There was some half-hearted crooning and I crawled into a seat by myself. After a while I stopped crying enough to just look miserable, at which point the chaperone touched me on the shoulder and said, “Anna. Try to enjoy this day,” at which point I started sobbing, of course. The other chaperone, his wife, asked me if I needed a hug and I nodded, so she slid into the seat next to me and wrapped me up in her big soft mother’s warmth while I blatantly soaked her shoulder. She was confused. What happened? she asked. Did they rob you? I tried to explain. It’s just, I said, that every little thing I do goes wrong. I couldn’t say in Spanish, or really with any words, that I had to ask to have my laundry washed or get toilet paper and that I was always hungry or too full or sick or lost or late and that it was my best friend’s birthday and Trump had been inaugurated two days before, and that the only natural recourse was to cry openly on a bus in front of the people who were supposed to become your new friends.
The woman whispered impassioned things in my ear about maturing, and how if I opened my spirt that could happen here, I think. She told me I had to remind myself, “eres fuerte, eres hermosa, eres valiente.” I don’t do that, of course, because nobody does. But maybe we should.
Say it. Comment it below. Say, “soy fuerte, soy hermoso/a, soy valiente.”

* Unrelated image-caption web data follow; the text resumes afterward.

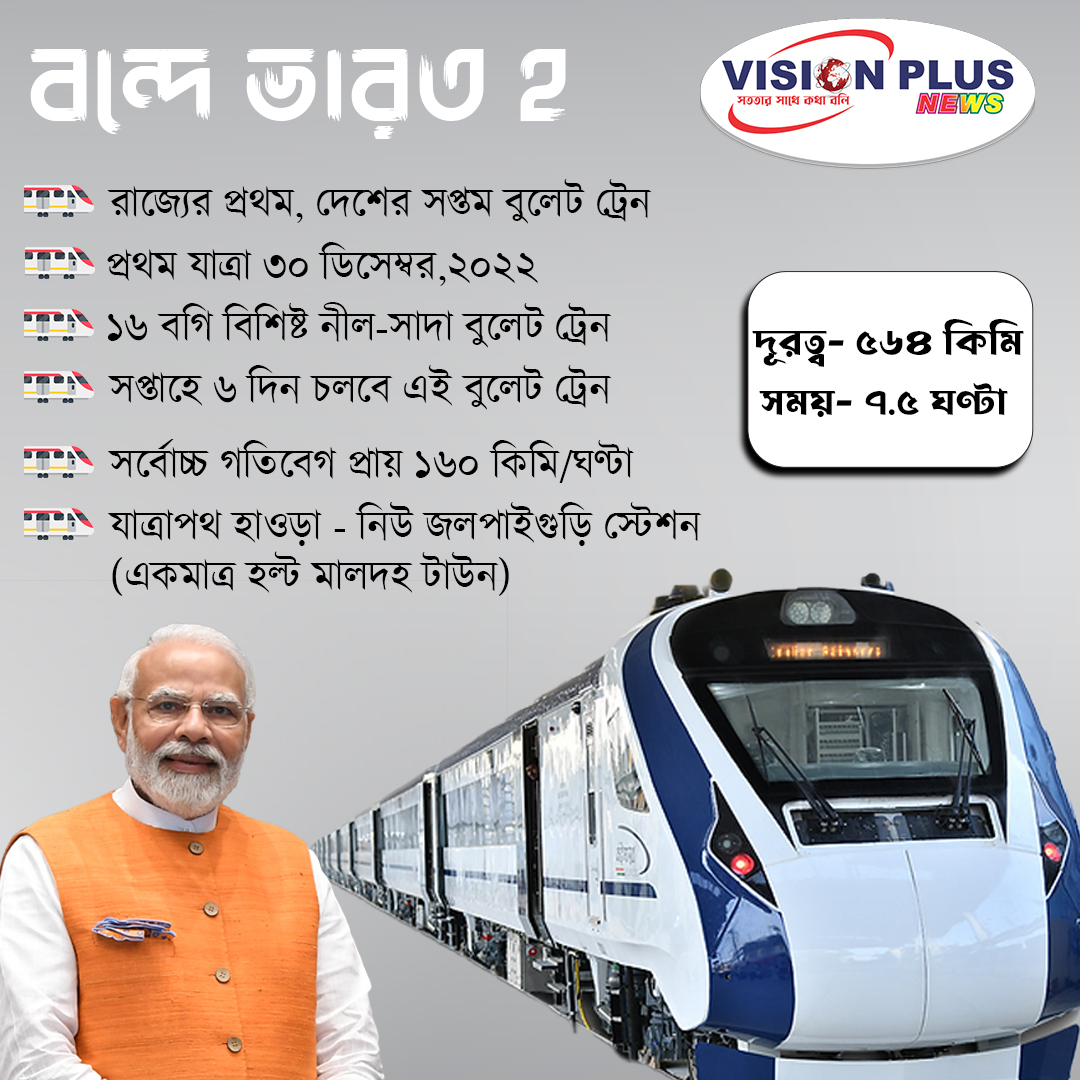 Vision Plus News (@visonplusnews) / Posts / X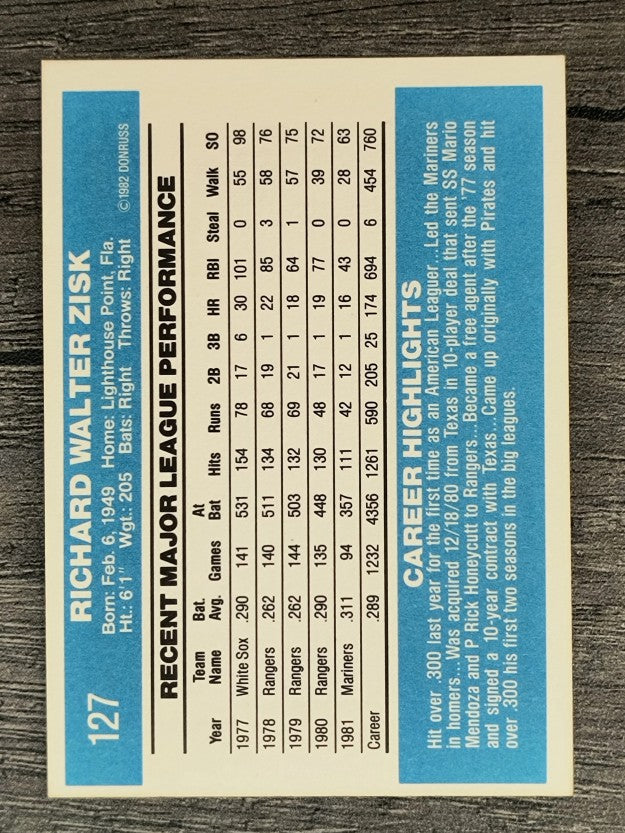 1982 Donruss #127 Richie Zisk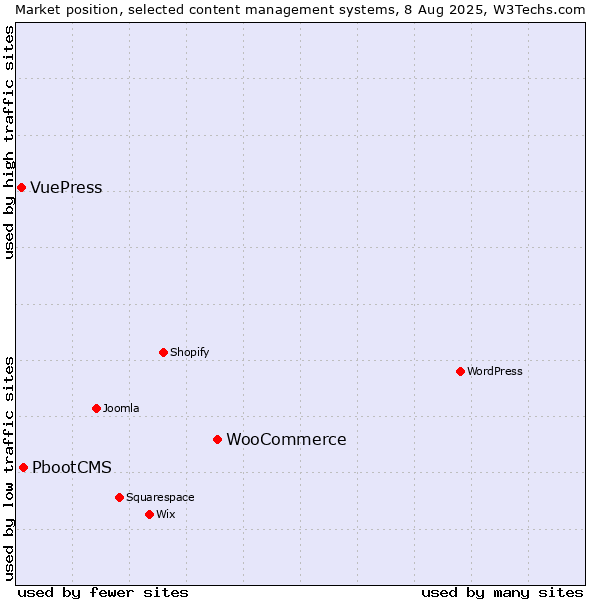 Market position of WooCommerce vs. PbootCMS vs. VuePress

That was the end of the first month in Ecuador. Now it’s the beginning of my last one. When I started this journey I thought that by the end of it I would be fluent in Spanish and know how to dance. I decided I would figure out what it means to open up your spirit and mature.
As it stands, I have three-fourths of a journal with rushed entries and a grand total of 7 blog posts. In each one I have tried to craft a message, to tie up my experience into a nice little thematic package about what I have learned. But the truth is that Ecuador has afforded me very little time for reflection. I am either in class or doing homework or speeding across the country in buses for weekend adventures, and in the time that is left to me I only want only to sleep.
This post aims to be some sort of closure, a recognition that this project is not what it could have been under different circumstances. I had planned to fill these pixels with stories of what I did, but as things start wrapping up I think more about what I haven’t done. I am not fluent in Spanish. I still cannot dance. I did not make friendships that will last the rest of my life, nor am I tearfully leaving behind any Ecuadorian loves. I certainly don’t feel any more mature, and I think my spirit is still the same little gift box it has always been. I have suffered countless petty illnesses, thrown up during the Ecuadorian election results, clung hysterically to the side of a volcano, and lost the photo evidence of it all when robbed on the beach at night. People think of study abroad as “life changing,” but it’s hard to get change even for a five dollar bill in this country.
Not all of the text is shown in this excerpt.